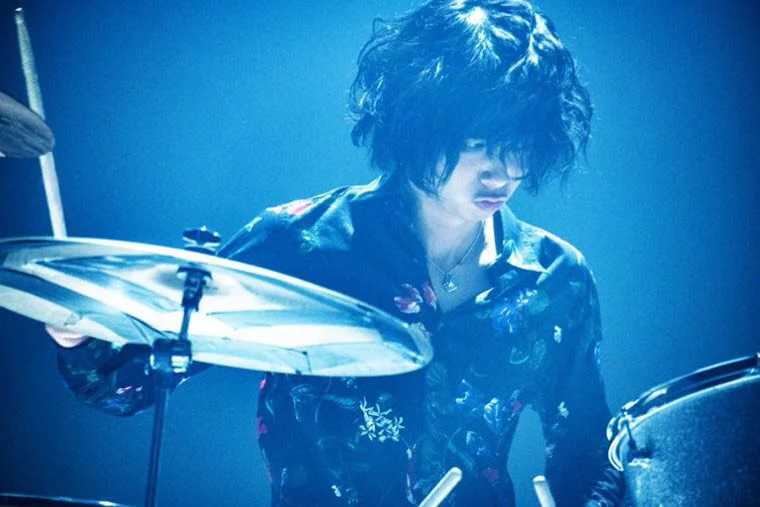 Nagamatsu Shintaro / SIX LOUNGE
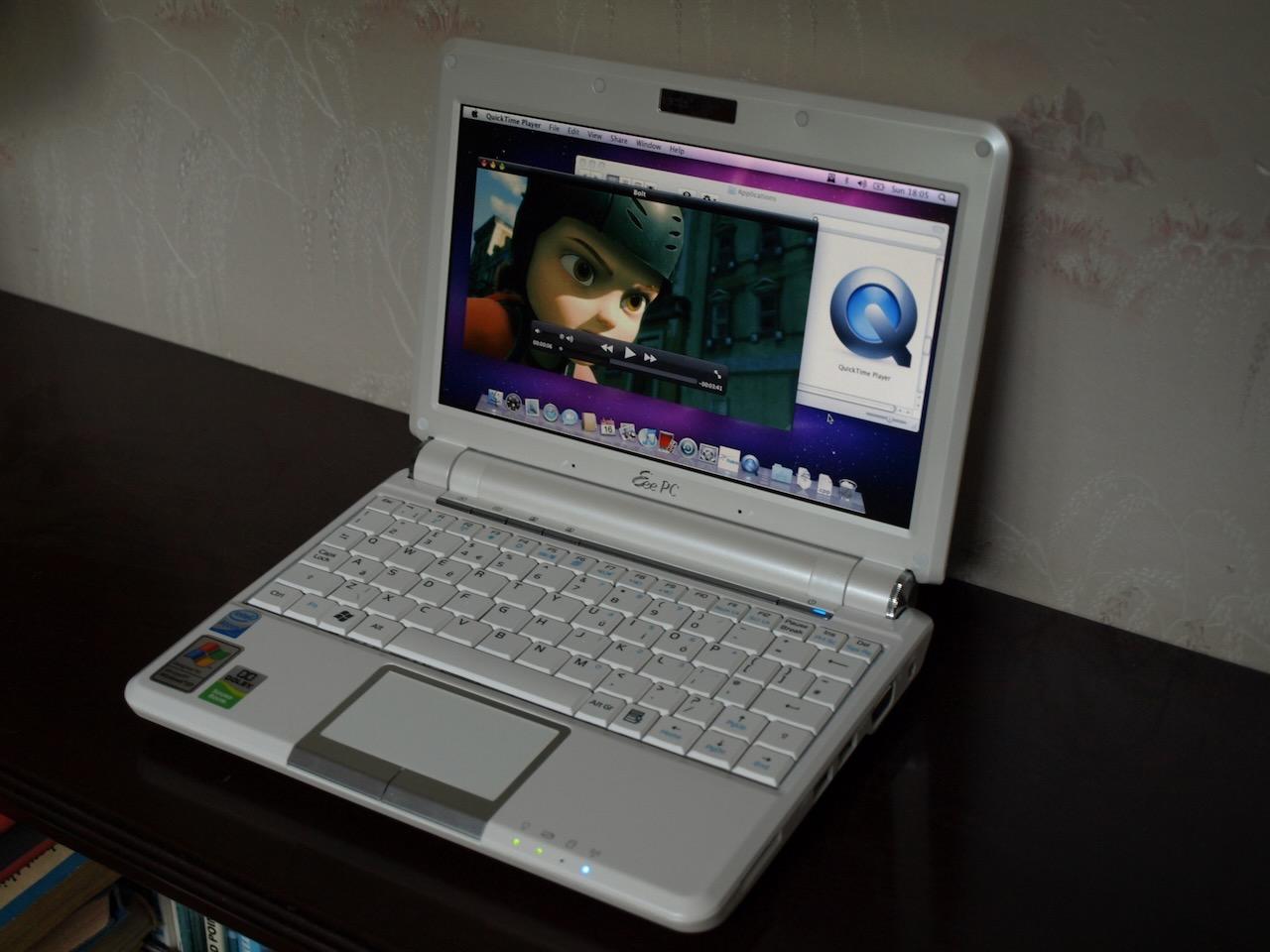 EeePC 901 running Mac OS X Snow Leopard in 2009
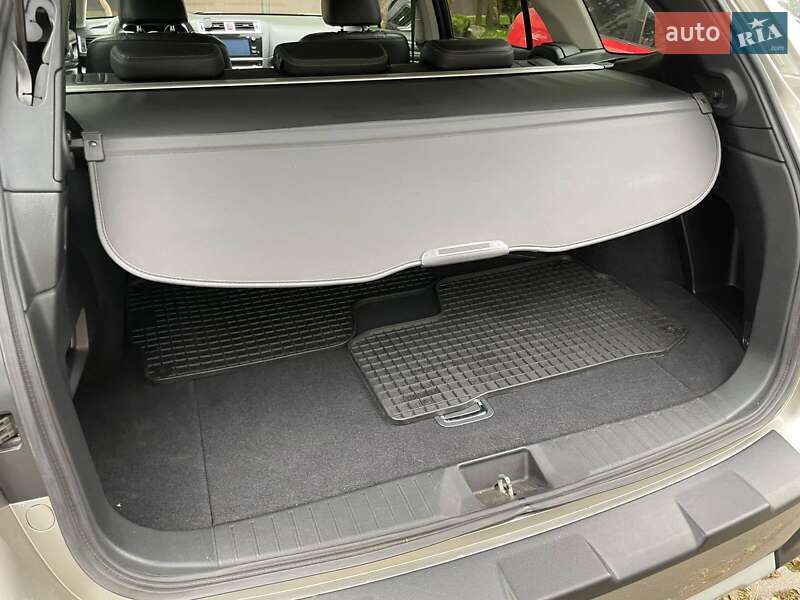 Универсал Subaru Outback 2016 в Киеве фото 4 Универсал Subaru Outback 2016 в Киеве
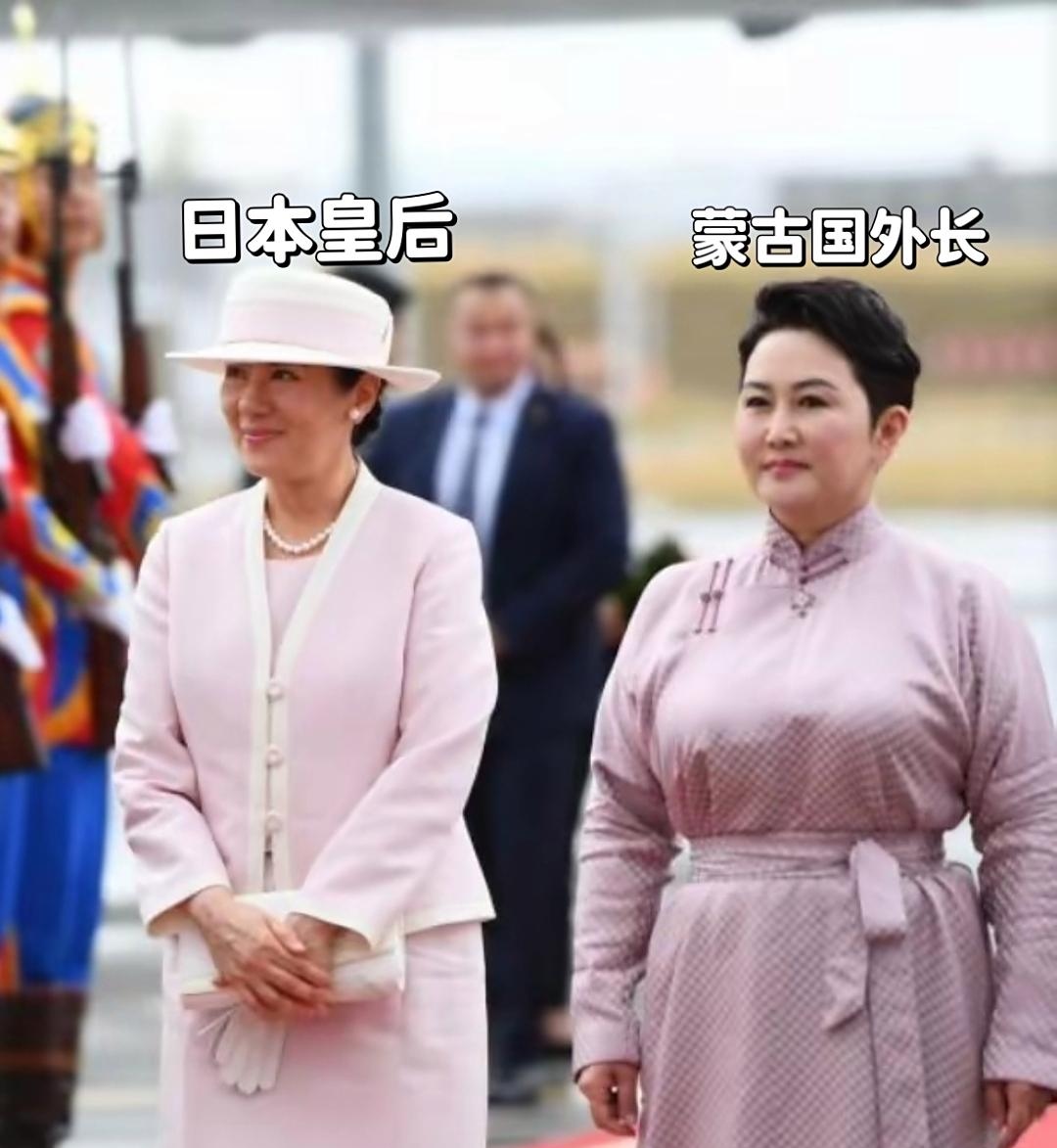 这两位一个长得壮硕威猛，一个长得苗条优雅；一个装高冷，一个装贤淑；一个像保镖，一个像小姐；一个似仆人，一个似管家。
瘦的曾经打过壮的，壮的也曾跪过瘦的。但因为他们心里都有鬼，于是就装模装样的站在了一起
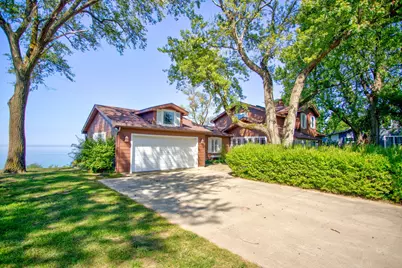 910 Adams Road, South Haven, MI 49090 - Photo 1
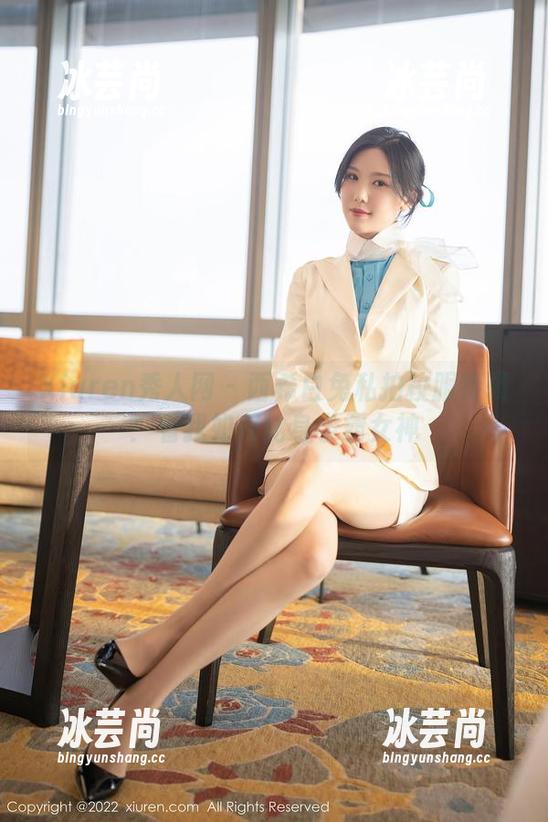 Xiuren秀人网-西希白兔 Xiuren秀人网 - 西希白兔私拍校服特辑:看我如何化身学霸女神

====

#### [Brief]
Retype each line above exactly. Leave the images out.

#### [Reply to the exercise]
 Nagamatsu Shintaro / SIX LOUNGE
 EeePC 901 running Mac OS X Snow Leopard in 2009
 Универсал Subaru Outback 2016 в Киеве фото 4 Универсал Subaru Outback 2016 в Киеве
 这两位一个长得壮硕威猛，一个长得苗条优雅；一个装高冷，一个装贤淑；一个像保镖，一个像小姐；一个似仆人，一个似管家。
瘦的曾经打过壮的，壮的也曾跪过瘦的。但因为他们心里都有鬼，于是就装模装样的站在了一起
 910 Adams Road, South Haven, MI 49090 - Photo 1
 Xiuren秀人网-西希白兔 Xiuren秀人网 - 西希白兔私拍校服特辑:看我如何化身学霸女神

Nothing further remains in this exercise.